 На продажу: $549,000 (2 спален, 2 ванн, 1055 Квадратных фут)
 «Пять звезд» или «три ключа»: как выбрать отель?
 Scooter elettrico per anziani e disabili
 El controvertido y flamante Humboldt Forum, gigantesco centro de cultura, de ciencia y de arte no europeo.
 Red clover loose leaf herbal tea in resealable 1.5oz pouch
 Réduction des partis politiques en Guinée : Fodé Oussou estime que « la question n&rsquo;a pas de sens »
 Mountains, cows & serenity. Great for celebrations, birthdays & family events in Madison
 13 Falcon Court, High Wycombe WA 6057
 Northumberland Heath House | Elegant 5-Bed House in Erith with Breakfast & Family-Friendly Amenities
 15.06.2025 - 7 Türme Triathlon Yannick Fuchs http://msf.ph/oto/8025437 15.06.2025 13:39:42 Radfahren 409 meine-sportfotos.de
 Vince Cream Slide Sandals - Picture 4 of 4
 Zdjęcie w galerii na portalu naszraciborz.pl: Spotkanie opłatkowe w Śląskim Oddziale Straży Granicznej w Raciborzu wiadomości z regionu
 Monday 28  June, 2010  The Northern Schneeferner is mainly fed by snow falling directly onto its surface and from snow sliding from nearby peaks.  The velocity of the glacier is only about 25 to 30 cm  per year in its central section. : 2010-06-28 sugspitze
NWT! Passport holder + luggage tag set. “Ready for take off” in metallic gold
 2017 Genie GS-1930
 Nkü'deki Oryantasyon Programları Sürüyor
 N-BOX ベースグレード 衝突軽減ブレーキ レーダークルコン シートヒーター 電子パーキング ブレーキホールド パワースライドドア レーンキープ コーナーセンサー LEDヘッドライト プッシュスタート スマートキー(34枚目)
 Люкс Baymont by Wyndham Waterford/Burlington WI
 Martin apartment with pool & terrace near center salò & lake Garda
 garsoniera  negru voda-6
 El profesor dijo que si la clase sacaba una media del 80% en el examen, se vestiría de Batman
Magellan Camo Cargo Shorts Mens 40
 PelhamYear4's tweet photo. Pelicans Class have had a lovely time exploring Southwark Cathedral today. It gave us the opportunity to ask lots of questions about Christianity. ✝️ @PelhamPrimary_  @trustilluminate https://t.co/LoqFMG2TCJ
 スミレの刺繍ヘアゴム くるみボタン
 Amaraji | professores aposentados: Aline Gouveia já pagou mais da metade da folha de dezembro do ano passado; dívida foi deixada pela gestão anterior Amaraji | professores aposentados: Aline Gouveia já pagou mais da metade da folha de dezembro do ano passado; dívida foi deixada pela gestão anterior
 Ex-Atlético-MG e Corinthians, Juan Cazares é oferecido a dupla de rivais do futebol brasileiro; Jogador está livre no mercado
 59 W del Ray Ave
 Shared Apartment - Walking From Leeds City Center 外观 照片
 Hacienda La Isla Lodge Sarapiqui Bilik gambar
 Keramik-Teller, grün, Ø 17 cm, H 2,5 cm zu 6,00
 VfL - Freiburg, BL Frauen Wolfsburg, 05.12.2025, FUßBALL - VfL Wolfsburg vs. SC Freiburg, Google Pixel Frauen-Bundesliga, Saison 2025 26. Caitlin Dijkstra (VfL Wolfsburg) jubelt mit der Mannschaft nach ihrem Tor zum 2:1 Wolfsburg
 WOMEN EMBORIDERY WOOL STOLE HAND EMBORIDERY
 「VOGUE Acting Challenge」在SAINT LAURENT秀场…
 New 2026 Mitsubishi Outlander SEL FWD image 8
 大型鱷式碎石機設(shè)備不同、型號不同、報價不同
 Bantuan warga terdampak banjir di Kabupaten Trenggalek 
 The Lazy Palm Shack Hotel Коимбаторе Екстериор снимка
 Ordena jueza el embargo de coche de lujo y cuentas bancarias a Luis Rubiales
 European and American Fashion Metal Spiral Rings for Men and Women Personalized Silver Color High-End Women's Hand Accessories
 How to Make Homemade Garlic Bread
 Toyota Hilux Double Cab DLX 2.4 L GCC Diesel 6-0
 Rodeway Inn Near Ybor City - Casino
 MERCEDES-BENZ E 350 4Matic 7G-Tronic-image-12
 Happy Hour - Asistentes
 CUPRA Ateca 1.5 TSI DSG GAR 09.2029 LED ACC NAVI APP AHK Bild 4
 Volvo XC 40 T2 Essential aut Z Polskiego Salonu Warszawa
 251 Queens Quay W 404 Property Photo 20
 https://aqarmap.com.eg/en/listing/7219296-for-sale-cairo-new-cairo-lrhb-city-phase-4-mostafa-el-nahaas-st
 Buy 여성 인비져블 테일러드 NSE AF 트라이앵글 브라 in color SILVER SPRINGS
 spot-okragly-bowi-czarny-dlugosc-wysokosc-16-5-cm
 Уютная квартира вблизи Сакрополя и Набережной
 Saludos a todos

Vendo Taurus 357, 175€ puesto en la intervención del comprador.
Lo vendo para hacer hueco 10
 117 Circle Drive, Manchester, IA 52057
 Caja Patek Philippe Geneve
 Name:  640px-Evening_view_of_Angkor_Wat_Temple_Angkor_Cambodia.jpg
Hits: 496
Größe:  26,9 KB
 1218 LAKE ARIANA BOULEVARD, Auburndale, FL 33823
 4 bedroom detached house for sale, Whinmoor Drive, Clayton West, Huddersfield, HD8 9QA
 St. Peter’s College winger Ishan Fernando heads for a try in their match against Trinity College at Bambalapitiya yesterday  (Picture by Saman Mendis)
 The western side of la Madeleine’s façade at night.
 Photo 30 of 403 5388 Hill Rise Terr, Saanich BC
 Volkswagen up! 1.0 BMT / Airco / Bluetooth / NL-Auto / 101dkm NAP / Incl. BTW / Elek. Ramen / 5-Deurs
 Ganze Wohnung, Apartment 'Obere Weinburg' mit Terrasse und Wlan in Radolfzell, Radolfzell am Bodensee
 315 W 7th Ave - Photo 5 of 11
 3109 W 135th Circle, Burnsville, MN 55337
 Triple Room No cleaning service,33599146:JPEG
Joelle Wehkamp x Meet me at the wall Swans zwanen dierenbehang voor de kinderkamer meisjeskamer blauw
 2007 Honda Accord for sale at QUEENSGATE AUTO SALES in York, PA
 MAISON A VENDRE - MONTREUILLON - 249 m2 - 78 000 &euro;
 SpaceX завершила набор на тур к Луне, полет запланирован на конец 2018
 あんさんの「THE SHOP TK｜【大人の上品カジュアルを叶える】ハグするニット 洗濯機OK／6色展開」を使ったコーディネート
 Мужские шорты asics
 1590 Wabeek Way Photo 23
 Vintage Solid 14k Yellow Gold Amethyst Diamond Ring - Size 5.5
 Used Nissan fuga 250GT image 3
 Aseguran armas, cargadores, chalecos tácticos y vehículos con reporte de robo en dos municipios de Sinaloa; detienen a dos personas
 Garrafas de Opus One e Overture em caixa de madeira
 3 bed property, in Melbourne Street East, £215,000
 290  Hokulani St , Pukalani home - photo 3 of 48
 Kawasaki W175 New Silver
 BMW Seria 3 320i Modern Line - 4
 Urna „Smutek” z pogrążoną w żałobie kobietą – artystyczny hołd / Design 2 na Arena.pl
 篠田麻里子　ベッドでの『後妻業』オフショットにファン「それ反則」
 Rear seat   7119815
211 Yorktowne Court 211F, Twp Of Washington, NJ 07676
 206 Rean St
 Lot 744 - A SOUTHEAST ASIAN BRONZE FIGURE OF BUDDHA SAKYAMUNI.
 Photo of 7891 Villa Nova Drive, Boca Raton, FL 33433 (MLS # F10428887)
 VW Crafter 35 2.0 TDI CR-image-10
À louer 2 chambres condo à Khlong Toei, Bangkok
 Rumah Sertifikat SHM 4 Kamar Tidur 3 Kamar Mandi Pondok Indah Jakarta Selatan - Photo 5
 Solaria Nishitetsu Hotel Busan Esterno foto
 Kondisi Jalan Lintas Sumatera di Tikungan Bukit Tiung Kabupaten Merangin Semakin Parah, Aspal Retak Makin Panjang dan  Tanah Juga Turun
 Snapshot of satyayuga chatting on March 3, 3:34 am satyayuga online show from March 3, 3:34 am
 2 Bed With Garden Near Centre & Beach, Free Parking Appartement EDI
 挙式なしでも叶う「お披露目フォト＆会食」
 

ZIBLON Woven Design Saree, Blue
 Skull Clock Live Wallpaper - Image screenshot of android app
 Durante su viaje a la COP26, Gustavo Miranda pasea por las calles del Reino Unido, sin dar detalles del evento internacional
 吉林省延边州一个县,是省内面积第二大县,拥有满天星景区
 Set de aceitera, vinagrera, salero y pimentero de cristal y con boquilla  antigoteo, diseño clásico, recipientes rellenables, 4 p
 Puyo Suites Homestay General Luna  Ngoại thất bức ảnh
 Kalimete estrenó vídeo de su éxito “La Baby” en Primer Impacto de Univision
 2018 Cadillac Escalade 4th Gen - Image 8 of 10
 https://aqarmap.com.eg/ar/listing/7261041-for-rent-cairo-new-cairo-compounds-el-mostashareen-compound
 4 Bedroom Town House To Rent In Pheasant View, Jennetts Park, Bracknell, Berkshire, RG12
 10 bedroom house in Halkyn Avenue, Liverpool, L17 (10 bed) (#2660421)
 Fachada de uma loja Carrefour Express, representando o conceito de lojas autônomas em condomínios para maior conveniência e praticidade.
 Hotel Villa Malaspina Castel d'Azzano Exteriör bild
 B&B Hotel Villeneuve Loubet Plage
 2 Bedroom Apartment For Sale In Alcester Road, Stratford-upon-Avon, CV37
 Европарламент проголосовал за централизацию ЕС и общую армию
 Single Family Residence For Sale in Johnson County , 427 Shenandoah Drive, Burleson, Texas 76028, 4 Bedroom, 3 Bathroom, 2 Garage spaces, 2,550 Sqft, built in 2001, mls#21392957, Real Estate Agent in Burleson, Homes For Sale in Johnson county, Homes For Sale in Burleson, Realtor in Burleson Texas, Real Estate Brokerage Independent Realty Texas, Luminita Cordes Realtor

• PROBLEM DESCRIPTION:
Every line from the one containing "Puyo Suites Homestay" to the final line of the listing above should be set down exactly, with nothing added.

• FINISHED TASK:
 Puyo Suites Homestay General Luna  Ngoại thất bức ảnh
 Kalimete estrenó vídeo de su éxito “La Baby” en Primer Impacto de Univision
 2018 Cadillac Escalade 4th Gen - Image 8 of 10
 https://aqarmap.com.eg/ar/listing/7261041-for-rent-cairo-new-cairo-compounds-el-mostashareen-compound
 4 Bedroom Town House To Rent In Pheasant View, Jennetts Park, Bracknell, Berkshire, RG12
 10 bedroom house in Halkyn Avenue, Liverpool, L17 (10 bed) (#2660421)
 Fachada de uma loja Carrefour Express, representando o conceito de lojas autônomas em condomínios para maior conveniência e praticidade.
 Hotel Villa Malaspina Castel d'Azzano Exteriör bild
 B&B Hotel Villeneuve Loubet Plage
 2 Bedroom Apartment For Sale In Alcester Road, Stratford-upon-Avon, CV37
 Европарламент проголосовал за централизацию ЕС и общую армию
 Single Family Residence For Sale in Johnson County , 427 Shenandoah Drive, Burleson, Texas 76028, 4 Bedroom, 3 Bathroom, 2 Garage spaces, 2,550 Sqft, built in 2001, mls#21392957, Real Estate Agent in Burleson, Homes For Sale in Johnson county, Homes For Sale in Burleson, Realtor in Burleson Texas, Real Estate Brokerage Independent Realty Texas, Luminita Cordes Realtor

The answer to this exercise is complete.